Les patriarches Dimitrios et Bartholomée ont joué un rôle très important dans la prise de conscience de la crise environnementale à laquelle nous sommes confrontés, et plus particulièrement de sa nature de crise spirituelle. Parmi les théologiens qui ont nourri leur réflexion, le métropolite Jean de Pergame est incontestablement l’un de ceux qui ont été les plus écoutés. Il est donc heureux de pouvoir étudier sa compréhension des relations de l’être humain à la création dans un ouvrage publié peu avant son récent décès.
Ce livre rassemble en effet dix-huit textes rédigés par le théologien Jean Zizioulas depuis le temps où il donna trois conférences novatrices au King’s College de Londres en 1989 jusqu’à celui où il fut co-président du Comité religieux et scientifique du patriarcat œcuménique, suscitant une série de symposiums internationaux, interconfessionnels et interdisciplinaires marquants de la Méditerranée à l’Arctique. Si la plupart de ces textes ont été publiés entre 1990 et 2015, un tiers sont inédits, en particulier ceux qui offrent une perspective orthodoxe d’une théologie de la création (ch. 3) et une approche théologique du problème écologique (ch. 5).

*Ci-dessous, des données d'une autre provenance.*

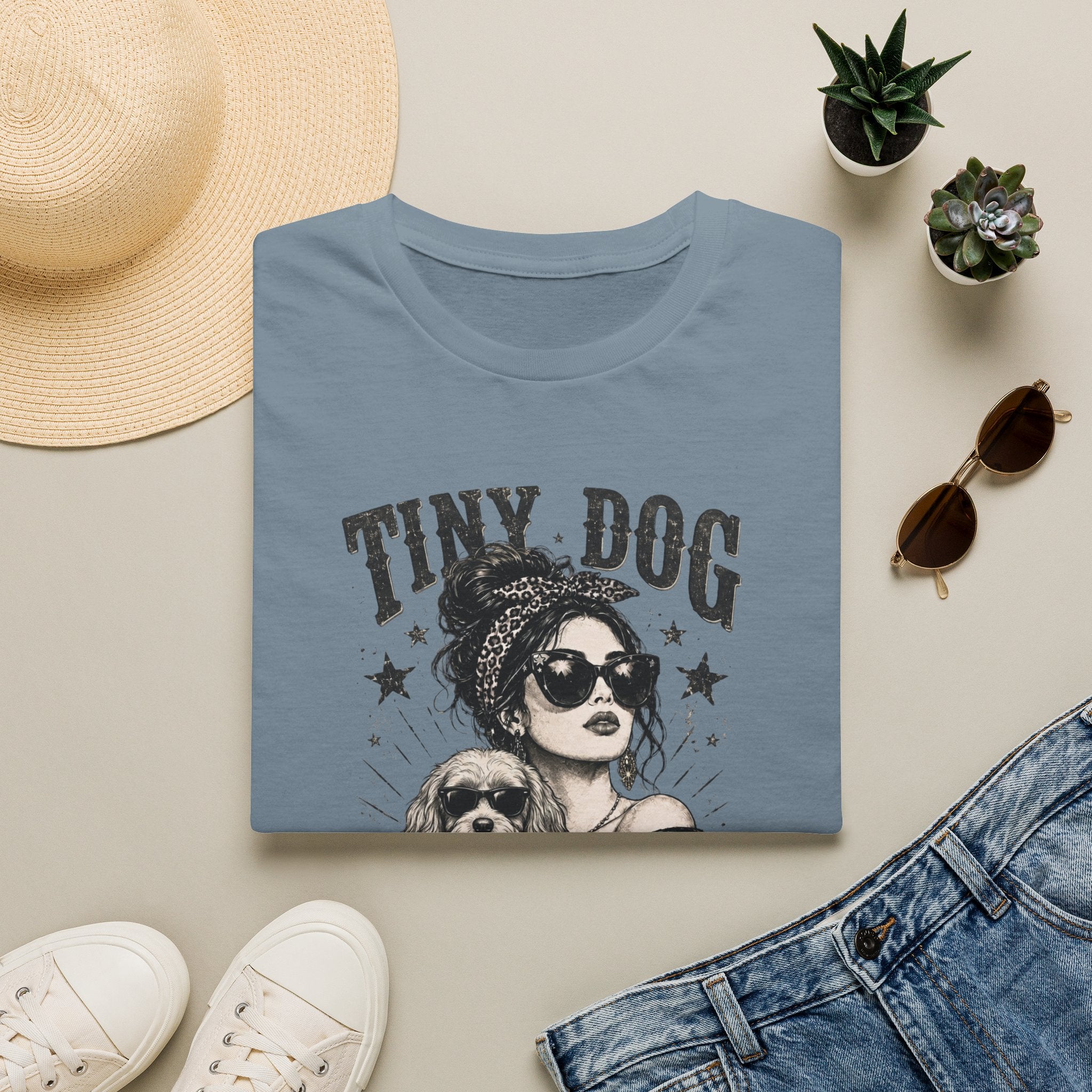 Cavapoo - Tiny Dog Mafia T-Shirt (Cavalier King Charles Spaniel & Poodle)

Introduits par deux théologiens, qui replacent l’œuvre de Jean Zizioulas dans la tradition orthodoxe (Chryssavgis), puis dégagent les grands axes de sa « théologie verte » (Asproulis), ces dix-huit textes sont articulés en six parties qui proposent successivement un regard sur les racines historiques de la crise environnementale, une approche théologique de ce défi, des perspectives liturgiques sur notre relation à la création et des considérations éthiques, avant de rappeler la nécessité d’articuler les dimensions scientifiques et spirituelles et d’en souligner les implications œcuméniques.
Le titre de l’ouvrage indique bien l’importance de sa troisième partie dans la réflexion de Jean Zizioulas, qui privilégie un modèle sacerdotal des relations de l’être humain à la création, plutôt que d’autres modèles qui nous situent comme des intendants, des co-créateurs, des parties de la communauté de la création ou des serviteurs souffrants de la création. Il n’étonnera pas les familiers de l’œuvre de l’auteur qui insiste tant sur la personne comme être relationnel à l’image de la Trinité et sur la place centrale de l’eucharistie comme avant-goût de l’eschaton. Dans sa préface, Rowan Williams souligne l’affirmation par le théologien grec du besoin d’une « révolution spirituelle » fondée sur une réflexion sur le caractère relationnel de tout être fini, qu’il synthétise ainsi : « La tragédie de notre liberté créée réside dans le fait que nous nous détournons de notre vocation à conserver le flux du don au sein de l’ordre créé pour nous laisser entraîner dans l’obsession déformée de préserver notre propre privilège et notre sécurité aux dépens de tous les autres, humains et non humains. L’œuvre du Christ nous restitue cette place perdue du service – la place sacerdotale pour laquelle nous avons été créés. Et l’eucharistie, dans laquelle le corps du Christ attire en lui la vie matérielle du monde qui l’entoure pour la transformer, par la puissance de l’esprit, en un don à la fois à Dieu et de Dieu, est l’incarnation suprême du renouveau de notre humanité et du monde entier qu’accomplissent la vie, la mort et la résurrection du Christ » (p. viii). On ne peut que souhaiter une traduction française prochaine de ce livre important.
Michel Mallèvre
John Chryssavgis & Nikolaos Asproulis, Priests of Creation. John Zizioulas on Discerning an Ecological Ethos, Londres / New York, T&T Clark, 2022 ; 236 p. 29,95 $. ISBN : 978-0-5676-9909‑1.
Recension publiée dans la revue Istina, 2023/1.